3.18.2009

I Will %#&^ You Up... and other June Cleaver sayings

I am a great big dummy...


Why?



Because, last night I went to the Nickelback concert (I just wanted to mention that one more time) and my friends and I headed to 'The Matt" or, "The Mattress Factory" which is a bar in downtown Omaha directly across from the QWest Center where the concert was. We were smart in the fact that we parked at The Matt and hung out for a little bit before the doors would be open at the QWest Center.


(Lisa, Me, and Pam)





We had a few drinks, laughed, took some pictures, and went to the bathroom all before we had to get our little tushes over to the concert.



When we were leaving The Matt, we decided to drop our purses in the car so that we didn't have to lug them with us. I stood at the car holding my camera and said to my friends, "Should I take my camera?" We all decided that I should not because we did not know how close we were going to be because we had ground floor tickets-which meant no seats, just standing-and did I really want to have to hold the camera in one hand all night and have a beer in the other and not be able to throw up rock signs? No-so I tossed my camera into the car and headed off to the concert.



Well... we waltzed right into the place like we owned it (because that is generally how I walk into bars, pubs, and Nickelback concerts) and literally sauntered up to the front of the stage. At this point we were about 20 feet from the front and we were thrilled. Then, greediness started to take over and we wanted to be closer to the stage because 20 feet was too far away-even though another set of friends of ours were in the nosebleed section at the top which is basically in Iowa.

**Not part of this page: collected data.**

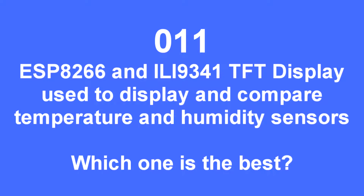The purpose of this video is to share my experience of trying to find the best and most accurate temperature humidity sensor.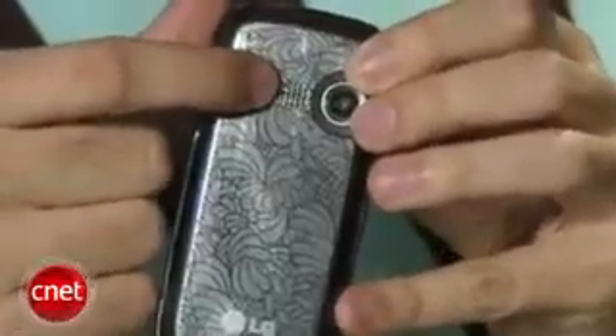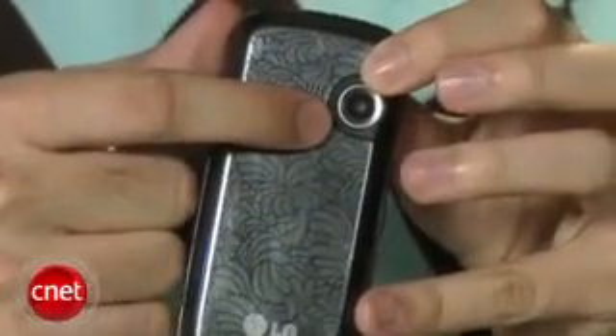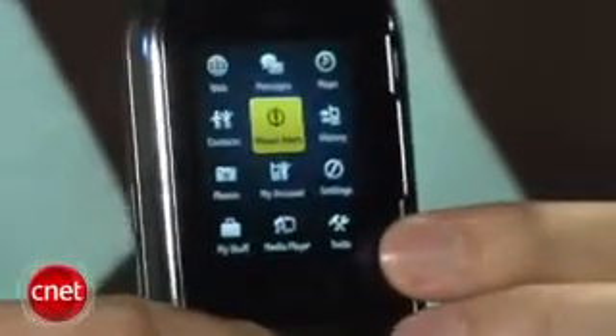Here in the back there is a design on the back cover. There's a speaker right here, a camera lens, but no flash or self-portrait mirror. The camera remains at 1.3 megapixels, which I'm a little disappointed about. I thought LG really had the opportunity to come into this phone and make it better in a lot of ways — add EVDO, maybe raise the camera resolution.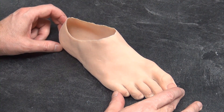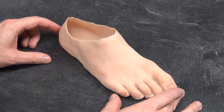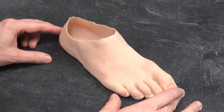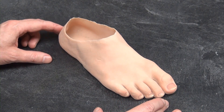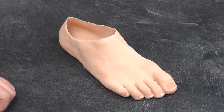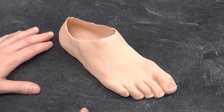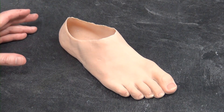We get a lot of calls and requests for information on this. It's a fairly unique prosthesis — only a few people in the country can actually make these. It's a blending of artistry and prosthetic skills, a little bit of everything, to get you a complete package that gives you nice aesthetics and function all in one.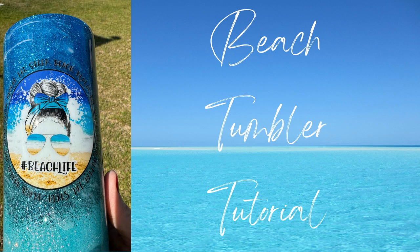Hey guys, it's Donna from Donna Gail's Designs. In today's video I'm going to show you how I made this beach tumbler, gearing up for summer. Everything I used in today's video will be linked down in the description below. You'll also find my social media links if you want to follow me for additional tips and tricks. Let's go ahead and get started.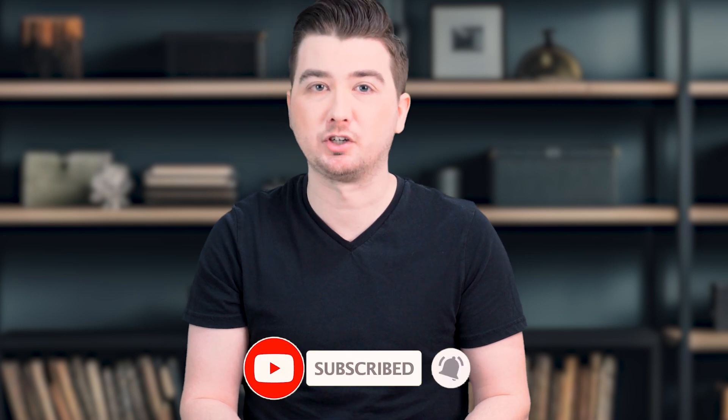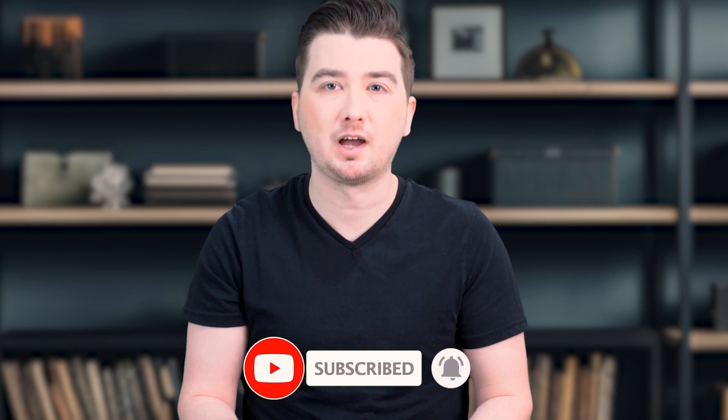If you found this information helpful, don't forget to give us a thumbs up and subscribe for more photography tips and tricks. And as always, if you have any questions or experiences to share, please leave them in the comments below — we'd love to hear from you.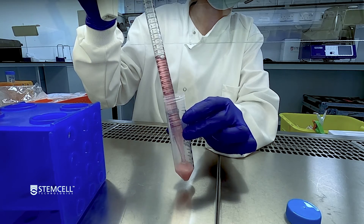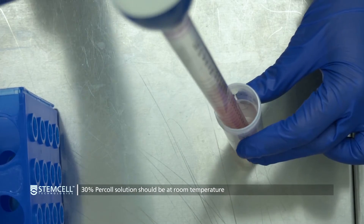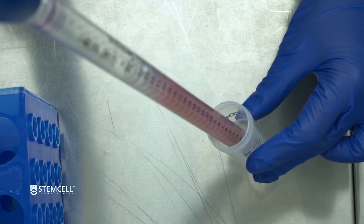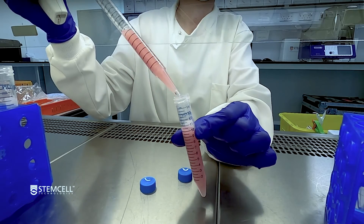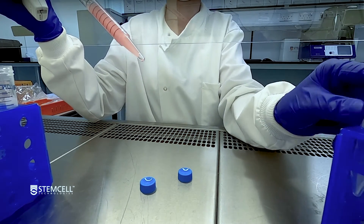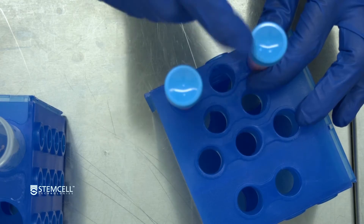Add 6 milliliters per brain of 30% Percoll solution to the pellet. Mix gently and transfer to an appropriately sized tube. For volumes greater than 30 milliliters, use 50 milliliter tubes. For volumes less than 30 milliliters, use one or more 14 milliliter tubes.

So we start making friends with people. "Hi, my name is June what's yours? Hi Mike how ya doin'? Do you see those punks behind us? Yeah-they have a plan to push forward when Saving Abel starts and are going to move us out of the way unless we form an alliance."



We formed an "alliance" with about 20 people the first 5 minutes of being there. This worked brilliantly to our advantage because once the music started... WE moved forward and left the alliance in the dust. They didn't know what hit them, but they didn't really mind because they thought we were their friends. Pffft.



At one point a youngster pushed past me and she motioned for her friends to join her. I looked at her and said, "Oh no... they aren't coming up here. You are going to be watching the concert by yourself because they aren't getting past." She shrugged her shoulders and said "Fine B****" which was fine with me that she called me that because I figured it was good that she knew that about me upfront and her friends were not getting past-no chance-no way. Eventually she turned back and beat feet to her little friends behind us, but not before saying some other descriptive words to me which I responded with a few of my own that would have made my father proud and my mother ashamed, and we were about to throw down (haha... me, a 37 year old woman was about to "throw down" with a 22 year old pip squeak) but I had some of the alliance behind me-which consisted of about 5 guys who were built like brick walls-so she was pushed back and the last I saw, she was pulling out her binoculars.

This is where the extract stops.